The Lim-Lee Prime Generation Algorithm you reference has been used in GPG’s libgcrypt for almost 20 years. As long as the bit length of the smallest prime (other than 2) dividing the prime (p) is greater than or equal to twice the desired bit security the Lim-Lee prime generation produces sufficiently strong primes for use in Diffie-Hellman key exchanges. For instance, if one wished for 128-bits of classical security, the smallest prime (other than 2) dividing p-1 should be at least 256 bits in length.
Using the Lim-Lee algorithm to generate a prime p gives all of the prime factors of p-1. These factors can be used to prove the primality of p using an extension of Pocklington’s theorem.
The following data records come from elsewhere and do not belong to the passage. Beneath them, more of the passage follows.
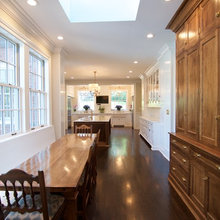 Chestnut Hill
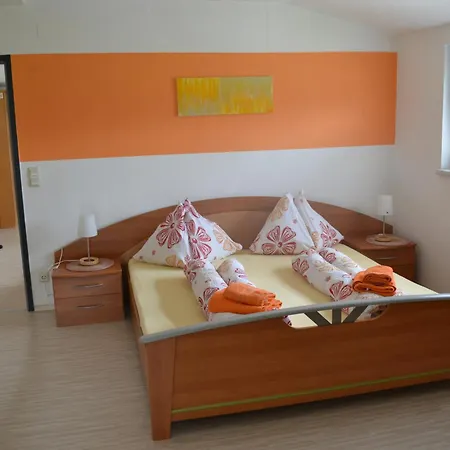 Appartement Uggowitzer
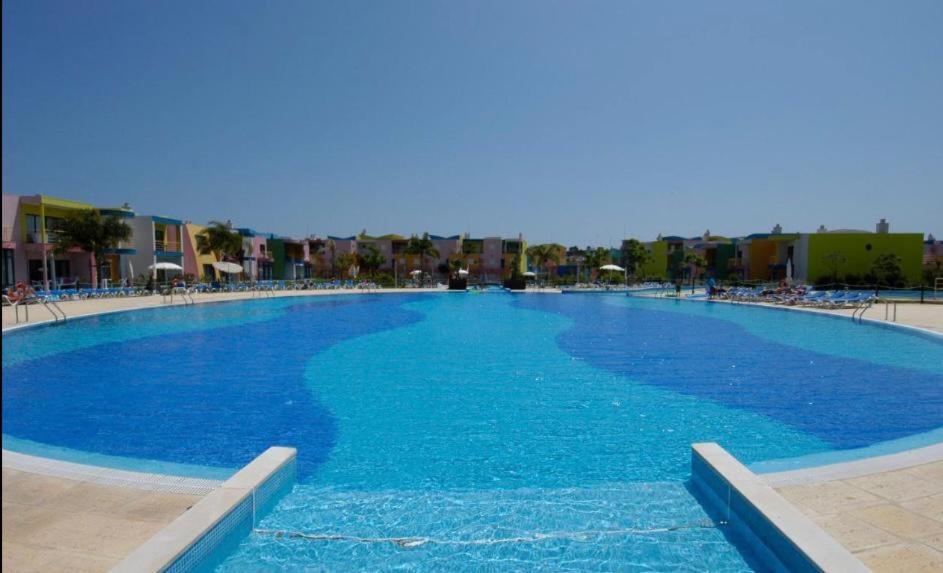 Marina Zen Apartment - Orada, Albufeira Exteriér fotografie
If you were to use the Lim-Lee algorithm for generation of ephemeral primes for a Diffie-Hellman key exchange you should consider using deterministic RNG for the Lim-Lee algorithm. If you sent the seed for the deterministic RNG to the other side of the key exchange, they could re-run the Lim-Lee algorithm, produce the prime p, the factors of p-1 and check that p is indeed prime and that all of the prime factors of p-1 are suitably large. Sending a seed rather than the prime and all its prime factors is more bandwidth efficient.
Given the widespread use of GPG in the world, I would assume that if there were some major weakness in the Lim-Lee algorithm someone would have published a criticism of the algorithm by now. I have never run across such a criticism. Therefore, I believe that the Lim-Lee generation scheme is fit for the purpose you describe.